Segment Open

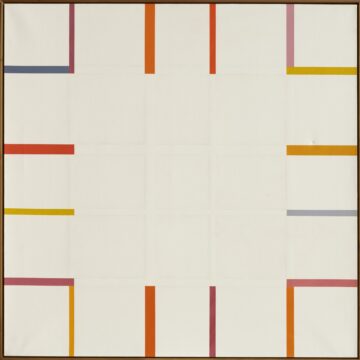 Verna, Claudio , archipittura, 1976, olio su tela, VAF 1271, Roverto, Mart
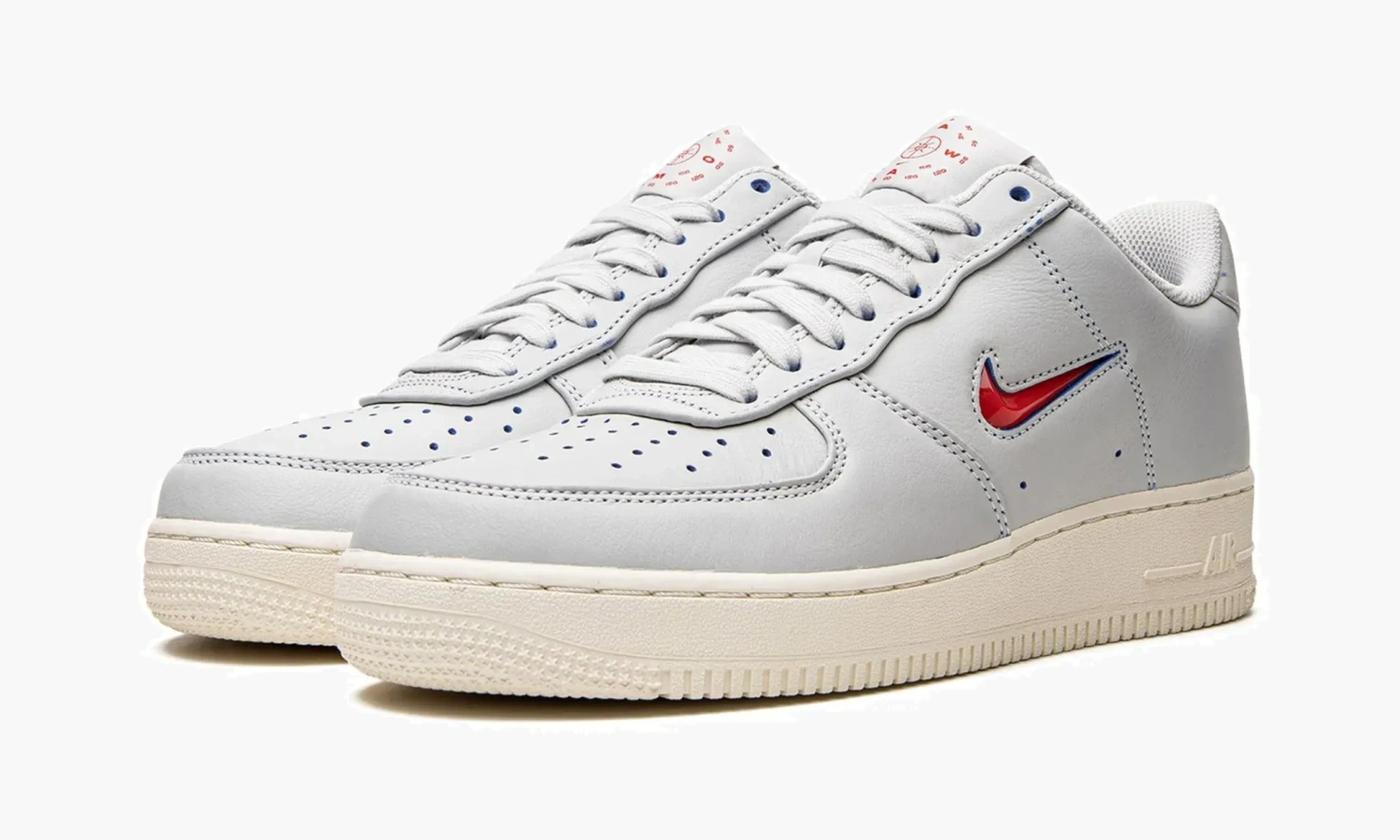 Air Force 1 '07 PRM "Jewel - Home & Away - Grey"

Segment Closed
Segment Open

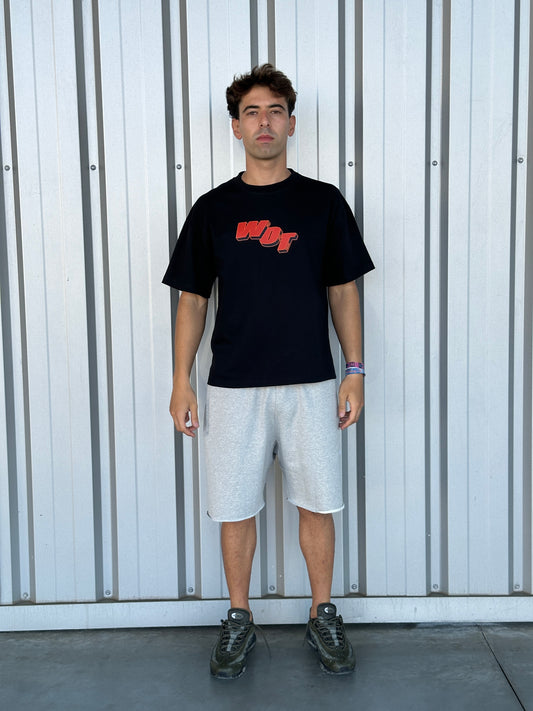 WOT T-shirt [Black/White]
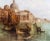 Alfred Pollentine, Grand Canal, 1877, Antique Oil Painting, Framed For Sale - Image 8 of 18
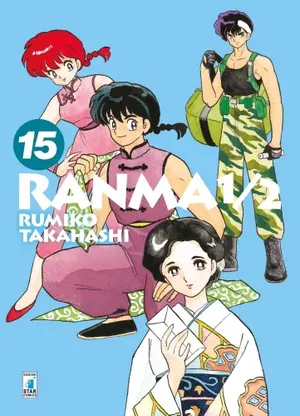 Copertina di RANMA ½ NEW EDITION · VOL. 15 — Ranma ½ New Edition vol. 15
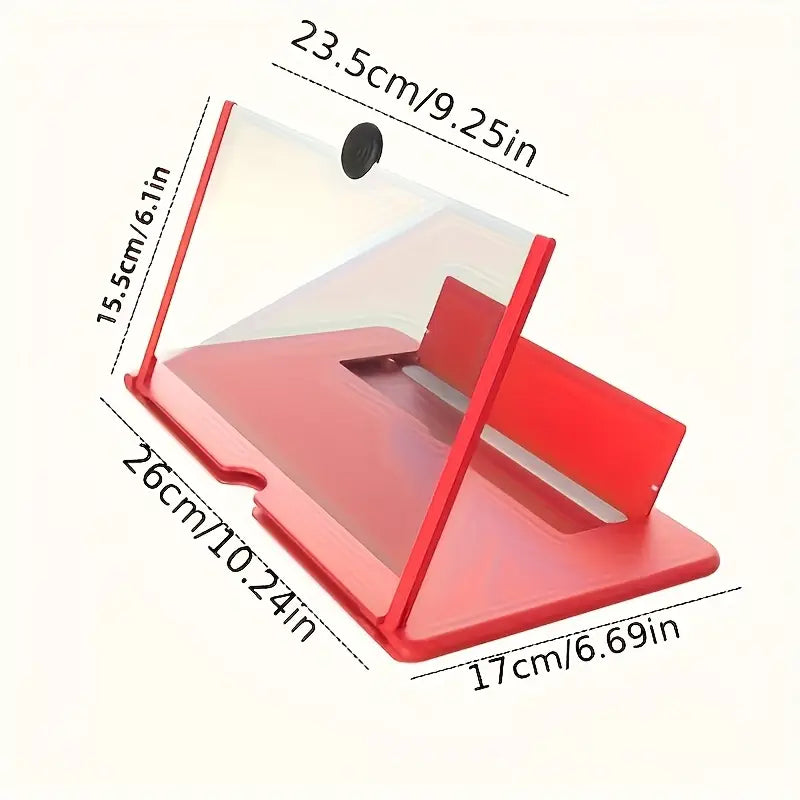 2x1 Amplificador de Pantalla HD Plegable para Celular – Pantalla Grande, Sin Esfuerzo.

Segment Closed

_About this exercise_
Here the job is to copy the stretch of records from the line containing "Verna, Claudio , archipittura, 1976, olio" through the line containing "Air Force 1", word for word. Leave every picture out.

_Answer to the exercise_
 Verna, Claudio , archipittura, 1976, olio su tela, VAF 1271, Roverto, Mart
 Air Force 1 '07 PRM "Jewel - Home & Away - Grey"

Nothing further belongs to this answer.